» **Your goal**
From the first entry to the last, transcribe everything exactly.

Data to examine Block Start

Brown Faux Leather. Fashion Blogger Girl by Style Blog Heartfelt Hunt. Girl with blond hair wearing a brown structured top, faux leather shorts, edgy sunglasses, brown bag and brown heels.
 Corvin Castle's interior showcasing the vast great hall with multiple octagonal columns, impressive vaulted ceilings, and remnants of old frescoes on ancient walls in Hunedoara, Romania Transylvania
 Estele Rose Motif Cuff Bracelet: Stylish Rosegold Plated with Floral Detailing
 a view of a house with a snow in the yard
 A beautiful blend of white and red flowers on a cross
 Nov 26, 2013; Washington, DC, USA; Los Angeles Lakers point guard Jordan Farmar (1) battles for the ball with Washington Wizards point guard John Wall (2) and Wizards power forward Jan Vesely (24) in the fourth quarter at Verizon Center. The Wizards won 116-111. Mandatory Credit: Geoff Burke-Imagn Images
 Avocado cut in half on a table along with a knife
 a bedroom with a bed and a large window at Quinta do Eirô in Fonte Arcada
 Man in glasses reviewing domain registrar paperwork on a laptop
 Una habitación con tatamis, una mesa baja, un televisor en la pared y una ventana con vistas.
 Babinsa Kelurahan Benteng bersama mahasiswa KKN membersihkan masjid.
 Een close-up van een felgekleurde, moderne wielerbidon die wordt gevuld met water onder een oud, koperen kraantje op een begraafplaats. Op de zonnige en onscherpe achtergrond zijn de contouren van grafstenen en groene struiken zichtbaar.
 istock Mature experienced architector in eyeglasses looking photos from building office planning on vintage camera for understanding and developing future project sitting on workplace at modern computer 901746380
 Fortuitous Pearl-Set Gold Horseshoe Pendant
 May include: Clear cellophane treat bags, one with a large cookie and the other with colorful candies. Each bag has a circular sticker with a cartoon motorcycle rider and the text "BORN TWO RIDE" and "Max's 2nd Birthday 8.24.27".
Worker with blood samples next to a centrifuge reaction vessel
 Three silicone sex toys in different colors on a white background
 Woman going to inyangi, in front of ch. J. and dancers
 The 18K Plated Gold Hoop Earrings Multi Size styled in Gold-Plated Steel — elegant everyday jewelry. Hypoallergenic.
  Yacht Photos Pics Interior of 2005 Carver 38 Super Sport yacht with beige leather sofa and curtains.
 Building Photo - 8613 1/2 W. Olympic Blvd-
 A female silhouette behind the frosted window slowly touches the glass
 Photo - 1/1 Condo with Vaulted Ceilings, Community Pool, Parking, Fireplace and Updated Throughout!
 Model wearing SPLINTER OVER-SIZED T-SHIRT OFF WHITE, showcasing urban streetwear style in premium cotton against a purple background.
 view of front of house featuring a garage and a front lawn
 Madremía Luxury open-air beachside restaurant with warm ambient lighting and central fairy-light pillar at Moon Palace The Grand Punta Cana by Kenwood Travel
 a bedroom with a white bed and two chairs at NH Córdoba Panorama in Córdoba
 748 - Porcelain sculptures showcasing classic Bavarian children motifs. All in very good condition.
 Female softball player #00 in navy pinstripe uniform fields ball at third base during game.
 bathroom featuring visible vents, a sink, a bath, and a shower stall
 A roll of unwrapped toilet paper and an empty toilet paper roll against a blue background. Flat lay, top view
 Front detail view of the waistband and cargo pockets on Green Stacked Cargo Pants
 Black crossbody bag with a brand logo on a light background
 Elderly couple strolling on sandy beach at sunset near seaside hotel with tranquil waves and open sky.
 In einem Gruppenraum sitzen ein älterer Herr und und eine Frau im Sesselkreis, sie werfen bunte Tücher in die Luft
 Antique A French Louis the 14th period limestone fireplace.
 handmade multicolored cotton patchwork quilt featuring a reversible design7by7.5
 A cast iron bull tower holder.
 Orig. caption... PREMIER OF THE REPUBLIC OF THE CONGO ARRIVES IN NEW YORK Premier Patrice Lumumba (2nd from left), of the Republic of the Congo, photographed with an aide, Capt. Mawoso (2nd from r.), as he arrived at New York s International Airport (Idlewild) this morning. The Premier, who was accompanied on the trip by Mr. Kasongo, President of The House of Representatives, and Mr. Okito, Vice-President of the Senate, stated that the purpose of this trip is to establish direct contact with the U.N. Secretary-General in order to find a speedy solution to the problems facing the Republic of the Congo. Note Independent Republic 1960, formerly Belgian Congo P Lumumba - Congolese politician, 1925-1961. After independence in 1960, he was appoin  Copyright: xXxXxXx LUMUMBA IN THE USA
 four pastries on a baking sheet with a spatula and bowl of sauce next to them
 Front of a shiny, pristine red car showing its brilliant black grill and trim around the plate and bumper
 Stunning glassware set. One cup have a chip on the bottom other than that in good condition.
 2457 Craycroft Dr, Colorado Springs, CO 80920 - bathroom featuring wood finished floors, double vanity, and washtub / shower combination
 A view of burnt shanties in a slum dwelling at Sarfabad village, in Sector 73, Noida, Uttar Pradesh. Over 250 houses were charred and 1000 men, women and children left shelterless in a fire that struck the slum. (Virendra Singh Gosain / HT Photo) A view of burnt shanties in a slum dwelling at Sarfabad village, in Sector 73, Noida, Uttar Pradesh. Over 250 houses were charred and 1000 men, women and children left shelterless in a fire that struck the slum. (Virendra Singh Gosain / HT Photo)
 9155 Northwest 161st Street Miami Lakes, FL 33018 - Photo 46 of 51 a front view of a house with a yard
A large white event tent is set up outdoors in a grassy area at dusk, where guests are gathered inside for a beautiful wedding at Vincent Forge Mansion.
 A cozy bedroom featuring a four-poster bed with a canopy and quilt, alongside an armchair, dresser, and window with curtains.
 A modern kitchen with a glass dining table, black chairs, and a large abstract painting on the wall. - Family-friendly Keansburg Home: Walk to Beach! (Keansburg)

Data to examine Block End

» **Written response**
Brown Faux Leather. Fashion Blogger Girl by Style Blog Heartfelt Hunt. Girl with blond hair wearing a brown structured top, faux leather shorts, edgy sunglasses, brown bag and brown heels.
 Corvin Castle's interior showcasing the vast great hall with multiple octagonal columns, impressive vaulted ceilings, and remnants of old frescoes on ancient walls in Hunedoara, Romania Transylvania
 Estele Rose Motif Cuff Bracelet: Stylish Rosegold Plated with Floral Detailing
 a view of a house with a snow in the yard
 A beautiful blend of white and red flowers on a cross
 Nov 26, 2013; Washington, DC, USA; Los Angeles Lakers point guard Jordan Farmar (1) battles for the ball with Washington Wizards point guard John Wall (2) and Wizards power forward Jan Vesely (24) in the fourth quarter at Verizon Center. The Wizards won 116-111. Mandatory Credit: Geoff Burke-Imagn Images
 Avocado cut in half on a table along with a knife
 a bedroom with a bed and a large window at Quinta do Eirô in Fonte Arcada
 Man in glasses reviewing domain registrar paperwork on a laptop
 Una habitación con tatamis, una mesa baja, un televisor en la pared y una ventana con vistas.
 Babinsa Kelurahan Benteng bersama mahasiswa KKN membersihkan masjid.
 Een close-up van een felgekleurde, moderne wielerbidon die wordt gevuld met water onder een oud, koperen kraantje op een begraafplaats. Op de zonnige en onscherpe achtergrond zijn de contouren van grafstenen en groene struiken zichtbaar.
 istock Mature experienced architector in eyeglasses looking photos from building office planning on vintage camera for understanding and developing future project sitting on workplace at modern computer 901746380
 Fortuitous Pearl-Set Gold Horseshoe Pendant
 May include: Clear cellophane treat bags, one with a large cookie and the other with colorful candies. Each bag has a circular sticker with a cartoon motorcycle rider and the text "BORN TWO RIDE" and "Max's 2nd Birthday 8.24.27".
Worker with blood samples next to a centrifuge reaction vessel
 Three silicone sex toys in different colors on a white background
 Woman going to inyangi, in front of ch. J. and dancers
 The 18K Plated Gold Hoop Earrings Multi Size styled in Gold-Plated Steel — elegant everyday jewelry. Hypoallergenic.
  Yacht Photos Pics Interior of 2005 Carver 38 Super Sport yacht with beige leather sofa and curtains.
 Building Photo - 8613 1/2 W. Olympic Blvd-
 A female silhouette behind the frosted window slowly touches the glass
 Photo - 1/1 Condo with Vaulted Ceilings, Community Pool, Parking, Fireplace and Updated Throughout!
 Model wearing SPLINTER OVER-SIZED T-SHIRT OFF WHITE, showcasing urban streetwear style in premium cotton against a purple background.
 view of front of house featuring a garage and a front lawn
 Madremía Luxury open-air beachside restaurant with warm ambient lighting and central fairy-light pillar at Moon Palace The Grand Punta Cana by Kenwood Travel
 a bedroom with a white bed and two chairs at NH Córdoba Panorama in Córdoba
 748 - Porcelain sculptures showcasing classic Bavarian children motifs. All in very good condition.
 Female softball player #00 in navy pinstripe uniform fields ball at third base during game.
 bathroom featuring visible vents, a sink, a bath, and a shower stall
 A roll of unwrapped toilet paper and an empty toilet paper roll against a blue background. Flat lay, top view
 Front detail view of the waistband and cargo pockets on Green Stacked Cargo Pants
 Black crossbody bag with a brand logo on a light background
 Elderly couple strolling on sandy beach at sunset near seaside hotel with tranquil waves and open sky.
 In einem Gruppenraum sitzen ein älterer Herr und und eine Frau im Sesselkreis, sie werfen bunte Tücher in die Luft
 Antique A French Louis the 14th period limestone fireplace.
 handmade multicolored cotton patchwork quilt featuring a reversible design7by7.5
 A cast iron bull tower holder.
 Orig. caption... PREMIER OF THE REPUBLIC OF THE CONGO ARRIVES IN NEW YORK Premier Patrice Lumumba (2nd from left), of the Republic of the Congo, photographed with an aide, Capt. Mawoso (2nd from r.), as he arrived at New York s International Airport (Idlewild) this morning. The Premier, who was accompanied on the trip by Mr. Kasongo, President of The House of Representatives, and Mr. Okito, Vice-President of the Senate, stated that the purpose of this trip is to establish direct contact with the U.N. Secretary-General in order to find a speedy solution to the problems facing the Republic of the Congo. Note Independent Republic 1960, formerly Belgian Congo P Lumumba - Congolese politician, 1925-1961. After independence in 1960, he was appoin  Copyright: xXxXxXx LUMUMBA IN THE USA
 four pastries on a baking sheet with a spatula and bowl of sauce next to them
 Front of a shiny, pristine red car showing its brilliant black grill and trim around the plate and bumper
 Stunning glassware set. One cup have a chip on the bottom other than that in good condition.
 2457 Craycroft Dr, Colorado Springs, CO 80920 - bathroom featuring wood finished floors, double vanity, and washtub / shower combination
 A view of burnt shanties in a slum dwelling at Sarfabad village, in Sector 73, Noida, Uttar Pradesh. Over 250 houses were charred and 1000 men, women and children left shelterless in a fire that struck the slum. (Virendra Singh Gosain / HT Photo) A view of burnt shanties in a slum dwelling at Sarfabad village, in Sector 73, Noida, Uttar Pradesh. Over 250 houses were charred and 1000 men, women and children left shelterless in a fire that struck the slum. (Virendra Singh Gosain / HT Photo)
 9155 Northwest 161st Street Miami Lakes, FL 33018 - Photo 46 of 51 a front view of a house with a yard
A large white event tent is set up outdoors in a grassy area at dusk, where guests are gathered inside for a beautiful wedding at Vincent Forge Mansion.
 A cozy bedroom featuring a four-poster bed with a canopy and quilt, alongside an armchair, dresser, and window with curtains.
 A modern kitchen with a glass dining table, black chairs, and a large abstract painting on the wall. - Family-friendly Keansburg Home: Walk to Beach! (Keansburg)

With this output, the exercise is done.